Material and methods
This is a study of interobserver variation between medical doctors in classifying lung sounds from video recordings performed at respiratory units in Spain, Greece, Norway, the Netherlands and Canada during 2013. The recording equipment was standardised, using video cameras with external microphone input (Canon Legria HF series, Panasonic HC-X900) and quality electret microphones which were placed in the tubes of standard stethoscopes. More details have already been published.16 Each centre obtained ethics approval at their institution and prepared consent forms in their required formats.

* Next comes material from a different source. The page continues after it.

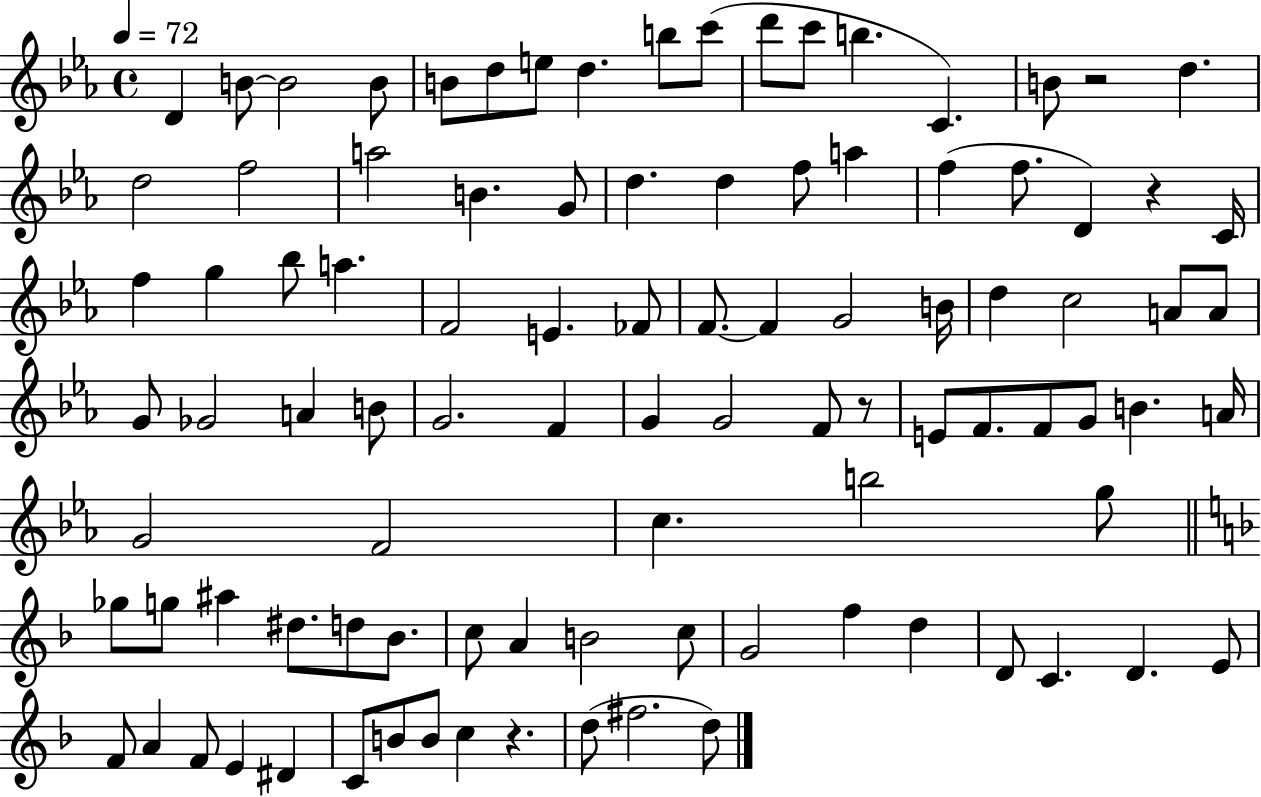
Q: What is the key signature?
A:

The quality of 80 video recordings were rated by five of the six task force members, leaving out the member who had done the actual recordings, and they recommended whether or not to include the recording on the repository. Twenty recordings, 10 of children and 10 of adults, were judged to be of sufficient quality. The recordings, each of approximately 15 s duration, were classified independently by the six task force members on an online questionnaire (FluidSurveys.com, Ottawa, Canada). Five of the task force members were paediatricians and one a general practitioner (GP). Their age ranged from 52 to 64 years. Subsequently, the 20 recordings were classified by a convenient sample of six additional physicians who used the same online questionnaire. Three were internationally recognised lung sound researchers aged 59–71 years, among whom one was a paediatrician, and three Norwegian GPs aged 38–49 years. The latter had postgraduate clinical experience of 6 years or more, but no exposure to lung sound research. The observers downloaded the video files to their computers and were asked to classify the recordings according to recommended English language nomenclature (fine and coarse crackles, high-pitched and low-pitched wheezes).8 We also included the category of rhonchi, although it is used interchangeably with low-pitched wheezes.10 Identification by respiratory phase thus offered 10 non-exclusive choices. The questionnaire also offered free-text options to describe adventitious sounds by other terms.
All observers reported normal hearing capacity, except for one 71-year-old expert who reported some trouble with speech perception at higher frequencies, but not with lung sounds that were typically below 1000 Hz. No instructions were given regarding the volume setting for audio playback.
Statistical analysis
Agreement among the majority of observers (seven or more) on each of the 10 terms in each of the 20 cases was identified. To further evaluate this interobserver agreement, Fleiss' multirater kappa (κ) with 95% CIs was calculated. The κ values were interpreted as follows: 0–0.20 slight, 0.21–0.40 fair, 0.41–0.60 moderate, 0.61–0.80 substantial, and 0.80–1.0 almost perfect agreement.17 After calculating agreement on the 10 predefined categories, multirater κ was calculated after combining fine and coarse crackles in a common category, rhonchi with high-pitched and low-pitched wheezes, and finally the respective inspiratory and expiratory sounds into simply crackles and wheezes. Agreement in reporting other sounds than the 10 fixed options were elevated for sounds reported by seven or more observers to be present in the same case. We also calculated Fleiss' κ among the paediatricians and the observers familiar with examining adults in subsamples of children and adult patients. SPSS V.22 and R statistical package were used in the analyses.